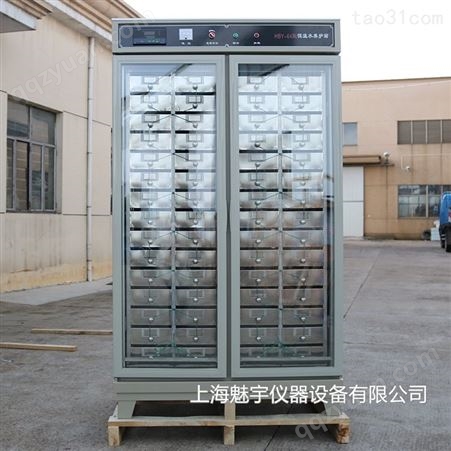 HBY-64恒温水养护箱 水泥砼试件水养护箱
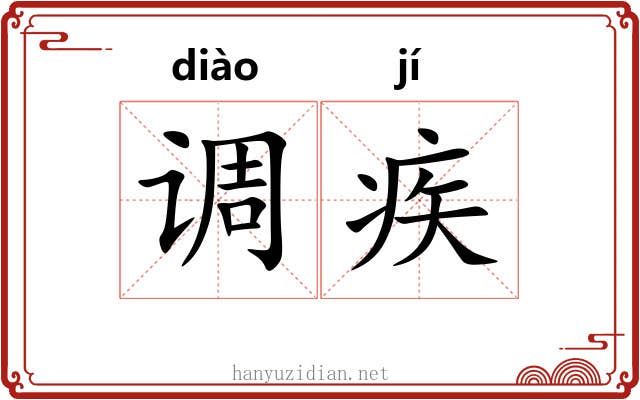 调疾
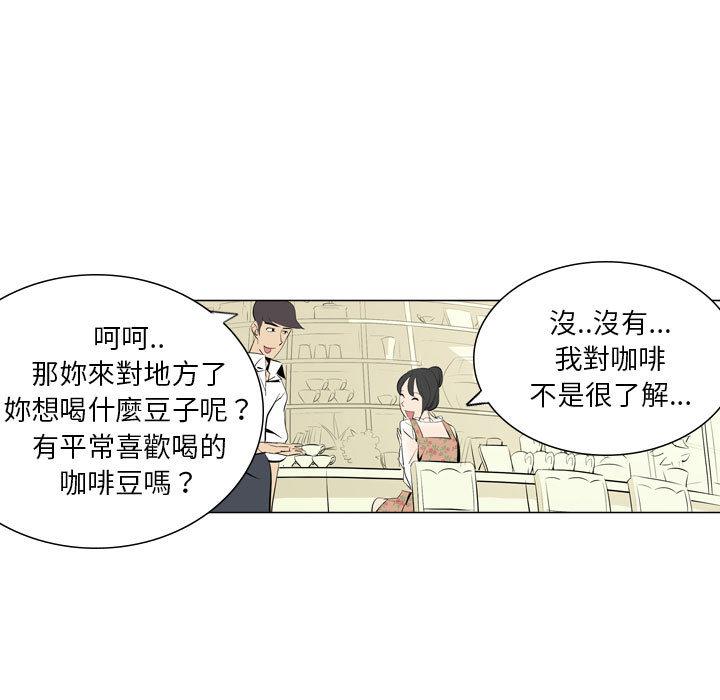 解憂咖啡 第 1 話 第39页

────────────────────

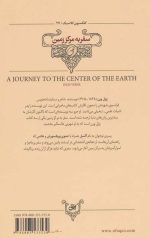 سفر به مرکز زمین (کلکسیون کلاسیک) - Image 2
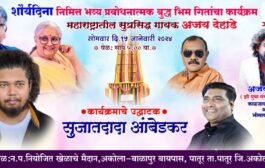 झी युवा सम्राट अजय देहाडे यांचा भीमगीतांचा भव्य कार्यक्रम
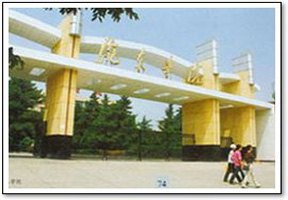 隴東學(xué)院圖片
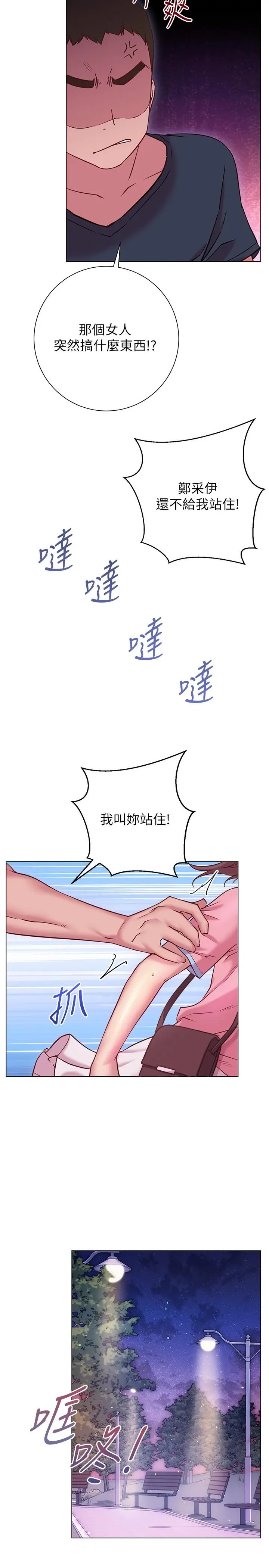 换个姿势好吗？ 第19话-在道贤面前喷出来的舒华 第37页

────────────────────

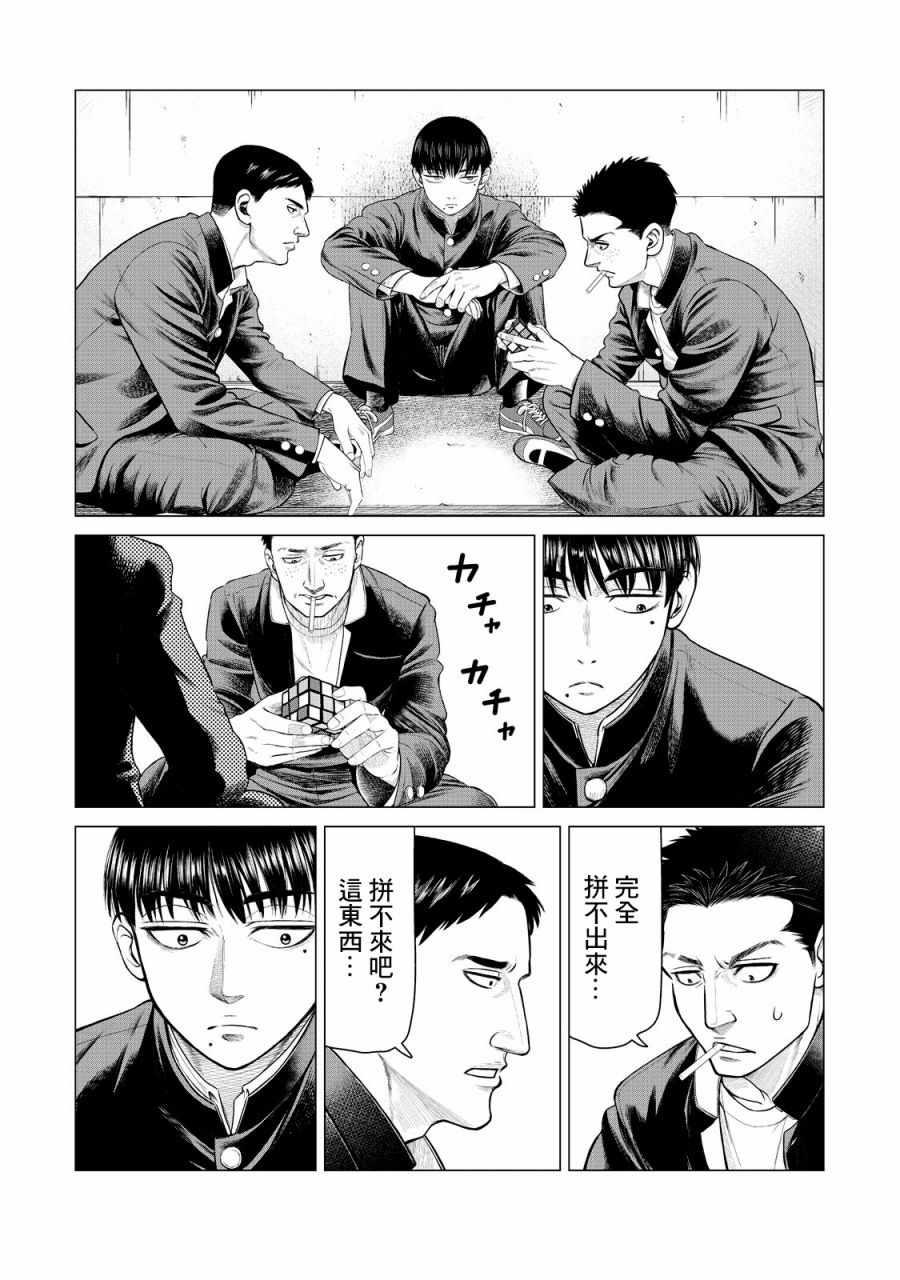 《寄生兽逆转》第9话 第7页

────────────────────

WORK ITEM:
Using the entries above, transcribe every line from the line containing "سفر به مرکز زمین (کلکسیون کلاسیک) - Image 2" through the line containing "换个姿势好吗？ 第19话-在道贤面前喷出来的舒华 第37页". Do not copy pictures.

RESULT OF THIS TASK:
 سفر به مرکز زمین (کلکسیون کلاسیک) - Image 2
 झी युवा सम्राट अजय देहाडे यांचा भीमगीतांचा भव्य कार्यक्रम
 隴東學(xué)院圖片
 换个姿势好吗？ 第19话-在道贤面前喷出来的舒华 第37页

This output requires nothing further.